Foundational College Information Literacy Skills for High School Students

Type of Presentation

Panel (1 hour and 15 minutes presentation total for two or more presenters)

Target Audience

Higher Education

Selected Higher Education but content will be relevant to both audiences.

Location

Room 217

Proposal

This panel will discuss the development of a partnership between an academic library at a mid-sized research university and a rural high school English Composition program. Panelists from both units will discuss the genesis of their partnership, impact on student success, plans for the future, and the benefits and challenges of building such a program.

This partnership is designed to prepare college-bound high school juniors and seniors to succeed in first- and second-year research projects. We were inspired by the ACRL’s Framework to create affective learning objectives--Dispositions--to express our goals for the attitudes we hoped these students would adopt by the end of the semester. We had two of these, one for the juniors and one for the seniors. For the juniors: Students will view the library as a friendly place where they belong. For the seniors: Students will feel comfortable coming to a librarian when they wish for assistance.

We collaboratively designed learning materials for each composition writing assignment. Librarians visited the high school and taught four lessons throughout the semester followed by the individual students visiting the library for a tailored research consultation with an academic librarian.

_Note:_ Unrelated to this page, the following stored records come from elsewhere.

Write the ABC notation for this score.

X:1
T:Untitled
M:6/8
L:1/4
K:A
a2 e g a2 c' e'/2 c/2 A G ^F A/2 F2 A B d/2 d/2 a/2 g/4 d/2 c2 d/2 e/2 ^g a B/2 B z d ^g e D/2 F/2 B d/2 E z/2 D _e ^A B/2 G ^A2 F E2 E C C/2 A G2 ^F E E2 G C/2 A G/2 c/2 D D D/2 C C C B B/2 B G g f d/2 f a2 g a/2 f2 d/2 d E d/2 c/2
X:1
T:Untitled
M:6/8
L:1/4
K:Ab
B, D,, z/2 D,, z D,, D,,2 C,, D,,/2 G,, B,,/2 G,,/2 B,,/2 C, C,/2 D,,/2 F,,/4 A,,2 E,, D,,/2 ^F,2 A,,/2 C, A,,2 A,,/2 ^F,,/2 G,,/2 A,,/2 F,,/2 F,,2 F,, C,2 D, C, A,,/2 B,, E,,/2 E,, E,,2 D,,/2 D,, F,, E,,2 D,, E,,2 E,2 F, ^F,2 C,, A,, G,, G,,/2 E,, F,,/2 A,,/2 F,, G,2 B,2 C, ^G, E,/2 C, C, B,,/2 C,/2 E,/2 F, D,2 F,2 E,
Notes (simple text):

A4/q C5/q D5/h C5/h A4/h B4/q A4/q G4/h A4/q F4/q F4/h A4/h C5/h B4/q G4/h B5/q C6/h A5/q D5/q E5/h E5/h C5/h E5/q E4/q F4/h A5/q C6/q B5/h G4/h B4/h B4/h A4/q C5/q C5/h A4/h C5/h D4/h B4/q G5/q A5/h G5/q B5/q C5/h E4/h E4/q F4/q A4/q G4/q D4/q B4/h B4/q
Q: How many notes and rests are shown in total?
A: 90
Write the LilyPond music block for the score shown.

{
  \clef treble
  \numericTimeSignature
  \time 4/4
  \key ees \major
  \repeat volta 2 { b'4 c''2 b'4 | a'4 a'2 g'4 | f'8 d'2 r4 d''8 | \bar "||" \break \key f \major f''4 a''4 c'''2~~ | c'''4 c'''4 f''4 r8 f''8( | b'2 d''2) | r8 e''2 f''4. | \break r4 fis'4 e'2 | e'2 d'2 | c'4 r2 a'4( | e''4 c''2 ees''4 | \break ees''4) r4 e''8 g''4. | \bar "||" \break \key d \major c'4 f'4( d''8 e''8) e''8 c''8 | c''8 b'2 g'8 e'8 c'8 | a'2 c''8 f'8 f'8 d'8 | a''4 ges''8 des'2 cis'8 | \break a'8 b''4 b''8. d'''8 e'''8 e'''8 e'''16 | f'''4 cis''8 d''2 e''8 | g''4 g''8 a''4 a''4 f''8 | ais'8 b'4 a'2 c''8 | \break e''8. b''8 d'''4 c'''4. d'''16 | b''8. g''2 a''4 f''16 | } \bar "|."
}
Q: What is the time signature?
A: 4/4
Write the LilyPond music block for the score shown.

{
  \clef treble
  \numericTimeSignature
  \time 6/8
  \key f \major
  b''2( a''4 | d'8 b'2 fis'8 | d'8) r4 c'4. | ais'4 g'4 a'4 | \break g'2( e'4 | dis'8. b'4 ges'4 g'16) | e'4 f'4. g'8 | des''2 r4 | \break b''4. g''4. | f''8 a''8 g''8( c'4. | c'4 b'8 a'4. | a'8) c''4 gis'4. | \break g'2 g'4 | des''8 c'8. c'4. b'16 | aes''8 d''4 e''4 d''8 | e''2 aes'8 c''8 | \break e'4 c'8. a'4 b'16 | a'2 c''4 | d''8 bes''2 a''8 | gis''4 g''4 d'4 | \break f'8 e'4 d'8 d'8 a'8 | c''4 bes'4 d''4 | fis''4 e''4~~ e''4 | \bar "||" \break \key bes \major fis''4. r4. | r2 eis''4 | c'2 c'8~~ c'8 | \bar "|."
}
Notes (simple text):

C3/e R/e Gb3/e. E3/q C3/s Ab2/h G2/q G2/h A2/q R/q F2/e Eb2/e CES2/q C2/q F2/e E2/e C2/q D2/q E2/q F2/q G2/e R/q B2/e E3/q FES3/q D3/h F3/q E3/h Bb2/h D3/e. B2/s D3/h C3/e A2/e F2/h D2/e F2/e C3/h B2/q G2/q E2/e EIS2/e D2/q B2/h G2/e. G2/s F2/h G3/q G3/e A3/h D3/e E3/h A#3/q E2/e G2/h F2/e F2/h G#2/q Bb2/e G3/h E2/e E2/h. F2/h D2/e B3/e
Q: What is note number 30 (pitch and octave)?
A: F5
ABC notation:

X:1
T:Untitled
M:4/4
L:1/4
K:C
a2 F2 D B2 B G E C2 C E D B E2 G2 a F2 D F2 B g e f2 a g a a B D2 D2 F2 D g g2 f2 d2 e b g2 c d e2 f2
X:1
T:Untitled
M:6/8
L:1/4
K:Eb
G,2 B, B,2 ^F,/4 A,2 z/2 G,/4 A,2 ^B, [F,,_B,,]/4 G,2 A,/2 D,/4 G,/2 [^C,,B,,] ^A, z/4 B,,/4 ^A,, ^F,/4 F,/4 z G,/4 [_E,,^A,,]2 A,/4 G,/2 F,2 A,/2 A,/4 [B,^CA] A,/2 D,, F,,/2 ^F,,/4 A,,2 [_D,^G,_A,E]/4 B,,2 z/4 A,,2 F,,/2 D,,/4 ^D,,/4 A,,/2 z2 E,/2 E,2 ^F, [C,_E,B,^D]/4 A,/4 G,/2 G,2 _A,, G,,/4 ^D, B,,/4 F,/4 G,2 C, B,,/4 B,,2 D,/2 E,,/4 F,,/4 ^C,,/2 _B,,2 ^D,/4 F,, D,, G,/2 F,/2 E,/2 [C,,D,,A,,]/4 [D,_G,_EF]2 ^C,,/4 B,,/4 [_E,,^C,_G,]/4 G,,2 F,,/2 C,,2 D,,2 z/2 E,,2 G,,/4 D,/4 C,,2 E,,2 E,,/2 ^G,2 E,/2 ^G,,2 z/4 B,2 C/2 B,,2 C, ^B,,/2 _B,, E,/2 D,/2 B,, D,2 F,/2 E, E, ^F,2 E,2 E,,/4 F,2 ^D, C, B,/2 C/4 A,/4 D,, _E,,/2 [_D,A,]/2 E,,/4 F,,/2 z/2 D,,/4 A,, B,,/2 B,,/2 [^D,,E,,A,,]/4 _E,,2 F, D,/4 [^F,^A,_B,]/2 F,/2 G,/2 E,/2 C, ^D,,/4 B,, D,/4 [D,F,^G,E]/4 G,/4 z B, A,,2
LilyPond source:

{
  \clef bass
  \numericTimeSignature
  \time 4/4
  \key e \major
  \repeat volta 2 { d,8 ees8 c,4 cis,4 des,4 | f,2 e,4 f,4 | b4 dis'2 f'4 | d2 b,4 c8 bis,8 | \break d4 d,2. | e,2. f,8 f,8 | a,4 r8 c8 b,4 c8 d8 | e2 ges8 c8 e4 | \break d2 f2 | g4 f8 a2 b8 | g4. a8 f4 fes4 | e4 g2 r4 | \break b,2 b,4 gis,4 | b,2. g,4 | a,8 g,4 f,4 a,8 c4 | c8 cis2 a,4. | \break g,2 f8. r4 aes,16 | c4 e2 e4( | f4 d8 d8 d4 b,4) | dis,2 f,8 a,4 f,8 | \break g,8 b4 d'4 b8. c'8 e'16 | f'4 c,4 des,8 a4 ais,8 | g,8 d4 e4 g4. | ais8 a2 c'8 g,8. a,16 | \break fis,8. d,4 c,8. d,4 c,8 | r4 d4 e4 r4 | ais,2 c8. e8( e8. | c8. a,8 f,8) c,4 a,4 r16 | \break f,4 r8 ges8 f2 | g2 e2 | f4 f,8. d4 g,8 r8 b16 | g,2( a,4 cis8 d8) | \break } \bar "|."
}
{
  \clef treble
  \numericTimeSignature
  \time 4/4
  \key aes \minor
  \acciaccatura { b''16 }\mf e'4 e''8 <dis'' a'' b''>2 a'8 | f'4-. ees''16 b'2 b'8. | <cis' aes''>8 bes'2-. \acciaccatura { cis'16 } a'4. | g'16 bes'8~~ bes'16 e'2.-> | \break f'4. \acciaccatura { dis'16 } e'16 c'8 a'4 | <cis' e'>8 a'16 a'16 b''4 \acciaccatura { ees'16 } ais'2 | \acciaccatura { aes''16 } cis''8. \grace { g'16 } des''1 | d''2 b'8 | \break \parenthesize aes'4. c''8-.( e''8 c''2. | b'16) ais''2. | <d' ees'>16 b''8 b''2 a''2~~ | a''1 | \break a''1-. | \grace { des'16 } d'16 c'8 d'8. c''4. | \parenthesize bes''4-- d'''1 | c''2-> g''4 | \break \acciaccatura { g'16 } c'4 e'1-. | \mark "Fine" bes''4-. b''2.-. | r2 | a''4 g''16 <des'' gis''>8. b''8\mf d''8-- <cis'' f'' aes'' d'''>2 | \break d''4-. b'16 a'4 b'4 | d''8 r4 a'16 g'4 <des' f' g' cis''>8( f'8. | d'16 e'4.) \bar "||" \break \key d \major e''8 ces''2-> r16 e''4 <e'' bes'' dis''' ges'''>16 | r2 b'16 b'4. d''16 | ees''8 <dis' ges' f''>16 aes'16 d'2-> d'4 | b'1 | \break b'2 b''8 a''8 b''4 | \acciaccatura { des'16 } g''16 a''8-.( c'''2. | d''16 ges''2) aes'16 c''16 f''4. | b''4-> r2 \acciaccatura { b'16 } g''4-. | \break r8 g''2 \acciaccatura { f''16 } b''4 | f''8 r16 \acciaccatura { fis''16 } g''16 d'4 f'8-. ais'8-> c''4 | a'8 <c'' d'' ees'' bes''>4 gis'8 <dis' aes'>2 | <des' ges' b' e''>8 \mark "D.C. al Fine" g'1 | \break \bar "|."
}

Short formative assessments were collected at the end of each session to gauge student comprehension. Students’ final research papers were subjected to content analysis for the presence of a refined research question and relevant scholarly articles. We use a combination of our assessment evaluations, student feedback, and anecdotal evidence to make programmatic improvements for each iteration.

Presentation Description

This panel will discuss the development of a partnership between an academic library at a mid-sized research university and a rural high school English Composition program. Panelists from both units will discuss the genesis of their partnership, impact on student success, plans for the future, and the benefits and challenges of building such a program.

Keywords

Information literacy, high school, collaboration, partnership, dual credit

Publication Type and Release Option

Presentation (Open Access)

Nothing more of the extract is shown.